A JP2 file starts with an Atom/Box structure (like an mp4/mov, with the typical ftyp atom...) then eventually contains a box of length 0 (until the end of the file), which then contains the JFIF segment/markers structure with these

delimiters:

  • 4F: SOC start of codestream
  • 90: SOT start of tile
  • 93: SOD start of ...?
  • D9: EOC end of codestream (overlaps EOI)

fixed information segment:

  • 51: SIZ image and tile size

functional segments:

  • 52: COD coding style default
  • 53: COC coding style component
  • 5E: RGN region of interest
  • 5C: QCD quantization default
  • 5D: QCC quantization component
  • 5F: POC progression order change

pointer segments:

  • 55: TLM tile-part lengths
  • 57: PLM packet length (main header)
  • 58: PLT packet length (tile-part header)
  • 60: PPM packed packet headers (main header)
  • 61: PPT packed packet headers (tile-part header)

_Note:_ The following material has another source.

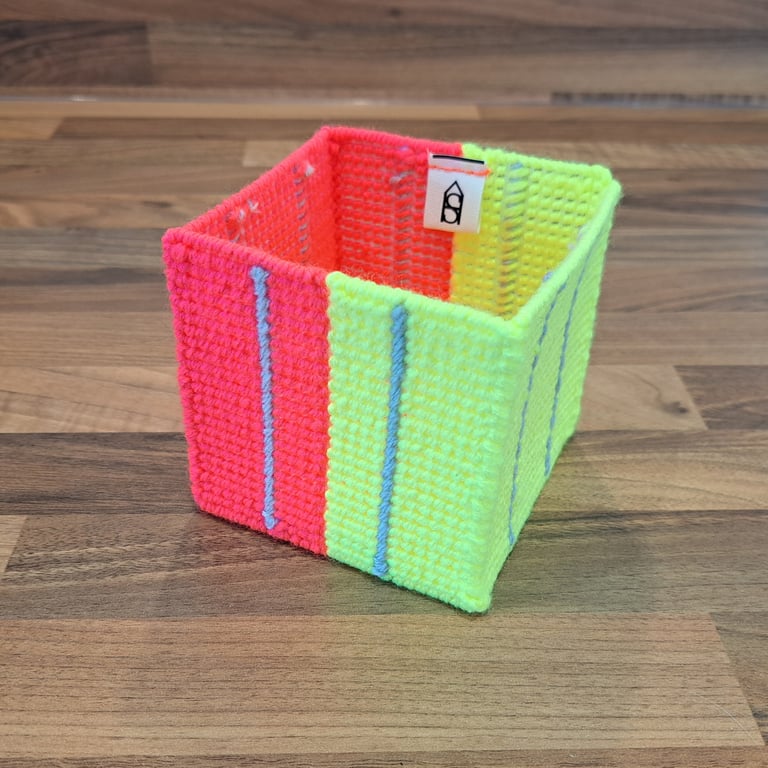 Container for stationery - yellow and orange hi-vis pattern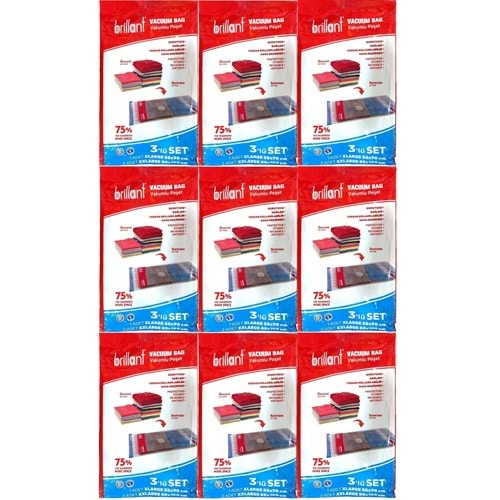 Brillant Vakumlu Poşet/Hurç XLarge/XX Large (İç Adet 3) (9 Lu Set)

bitstream internal markers and segments:

  • 91: SOP start of packet
  • 92: EPH end of packet header

informational segments:

  • 63: CRG component registration

  • 64: COM comment

  • 78: CBD Component bit depth definition

  • 74: MCT Multiple Component Transform

  • 75: MCC Multiple Component Collection

  • 77: MCO Multiple component transformation ordering

Part 8: Secure JPEG 2000

  • 65: SEC SEcured Codestream
  • 94: INSEC INSEcured Codestream

Part 11: JPEG 2000 for Wireless

  • 68: EPC Error Protection Capability
  • 66: EPB Error Protection Block
  • 67: ESD Error Sensitivity Descriptor
  • 69: RED Residual Error Descriptor

defined in ISO/IEC 18181-1 JPEG XL Core coding system (part 1)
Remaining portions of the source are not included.